What you give back must match the records below exactly, apart from the pictures, which are omitted.

# DATA RECORDS:

------------------------------

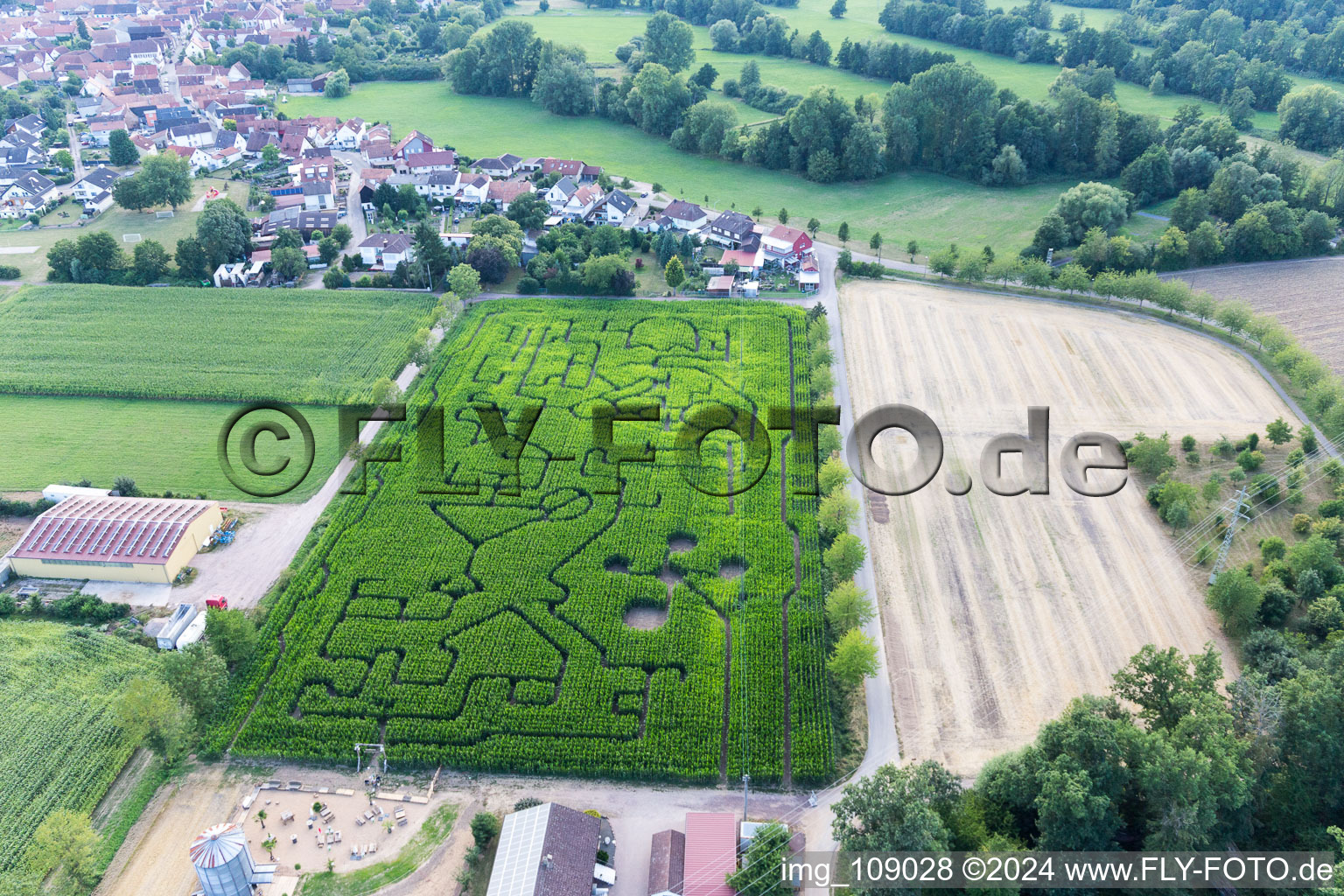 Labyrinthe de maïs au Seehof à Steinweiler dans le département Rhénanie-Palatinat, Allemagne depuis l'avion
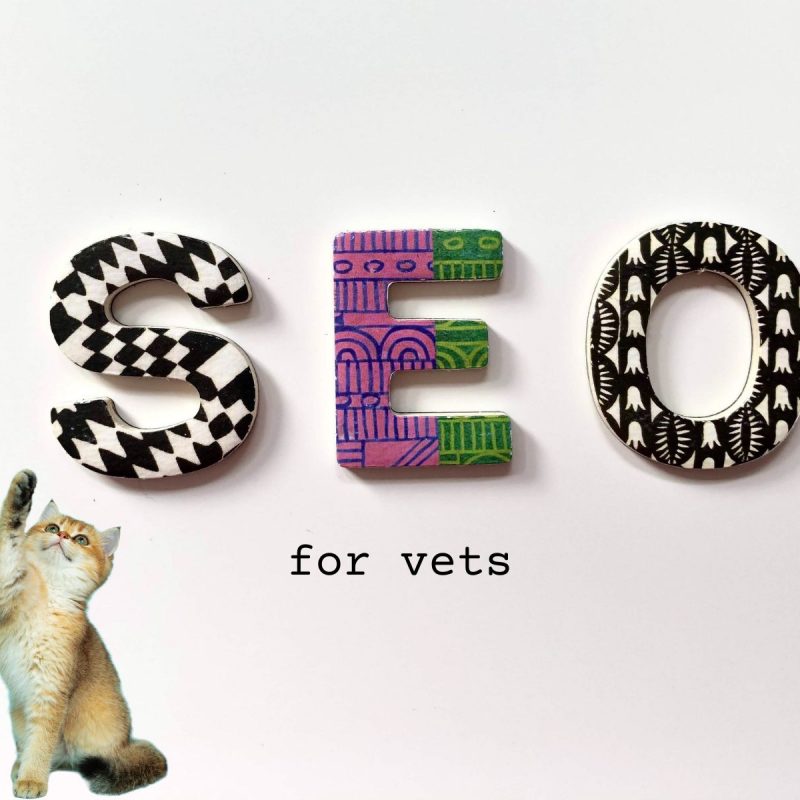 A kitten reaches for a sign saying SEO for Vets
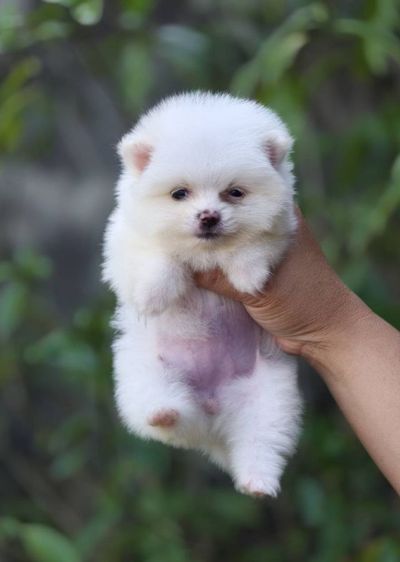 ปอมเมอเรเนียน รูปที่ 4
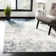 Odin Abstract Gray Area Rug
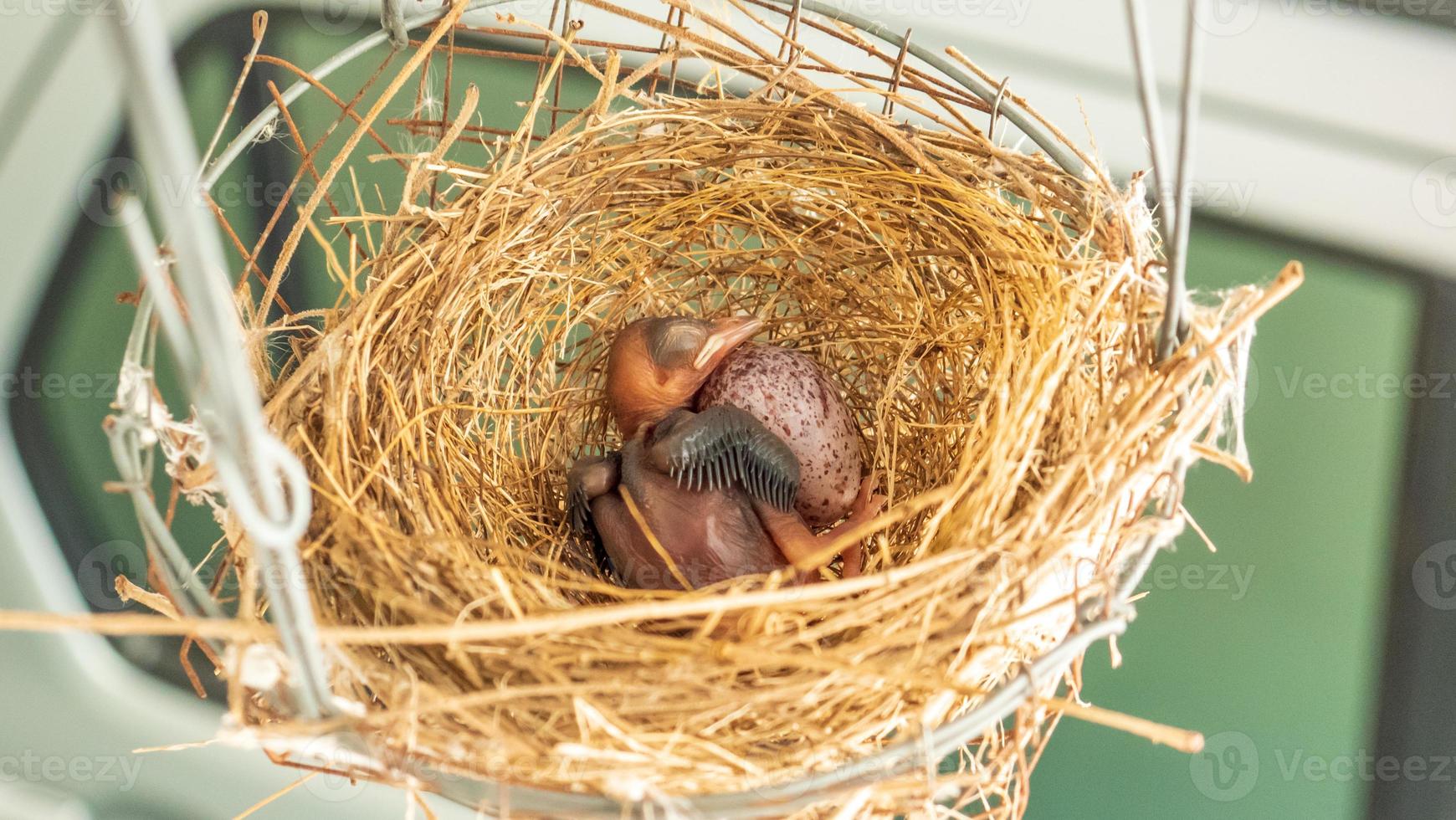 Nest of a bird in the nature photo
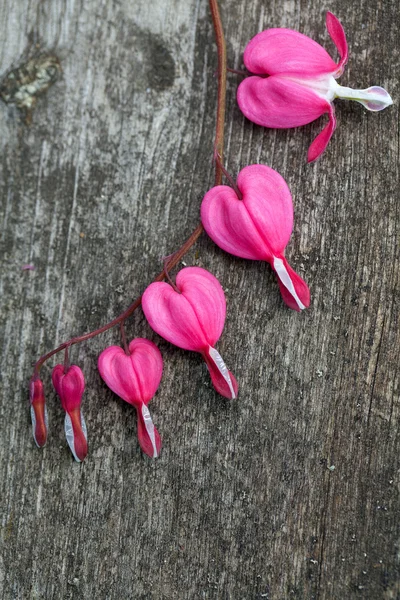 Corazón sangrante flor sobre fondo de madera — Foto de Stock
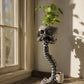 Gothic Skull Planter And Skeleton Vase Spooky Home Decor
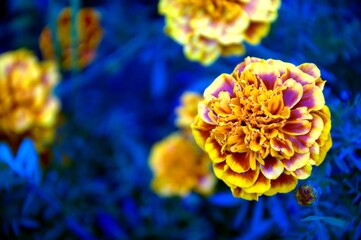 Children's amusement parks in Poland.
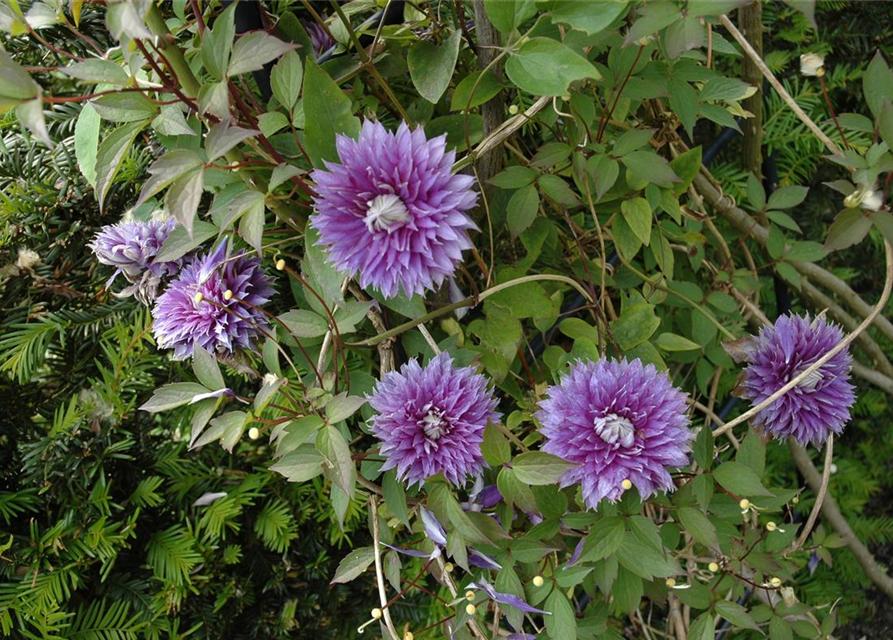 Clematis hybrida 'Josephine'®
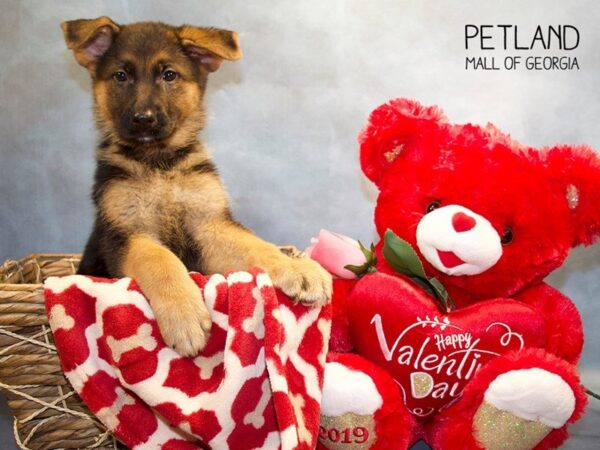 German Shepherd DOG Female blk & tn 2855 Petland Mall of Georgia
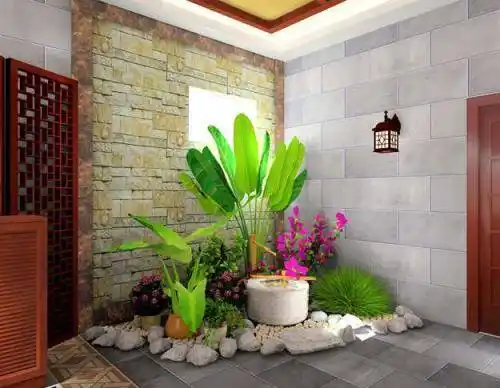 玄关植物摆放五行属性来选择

------------------------------

# RESPONSE BELOW:
 Labyrinthe de maïs au Seehof à Steinweiler dans le département Rhénanie-Palatinat, Allemagne depuis l'avion
 A kitten reaches for a sign saying SEO for Vets
 ปอมเมอเรเนียน รูปที่ 4
 Odin Abstract Gray Area Rug
 Nest of a bird in the nature photo
 Corazón sangrante flor sobre fondo de madera — Foto de Stock
 Gothic Skull Planter And Skeleton Vase Spooky Home Decor
 Children's amusement parks in Poland.
 Clematis hybrida 'Josephine'®
 German Shepherd DOG Female blk & tn 2855 Petland Mall of Georgia
 玄关植物摆放五行属性来选择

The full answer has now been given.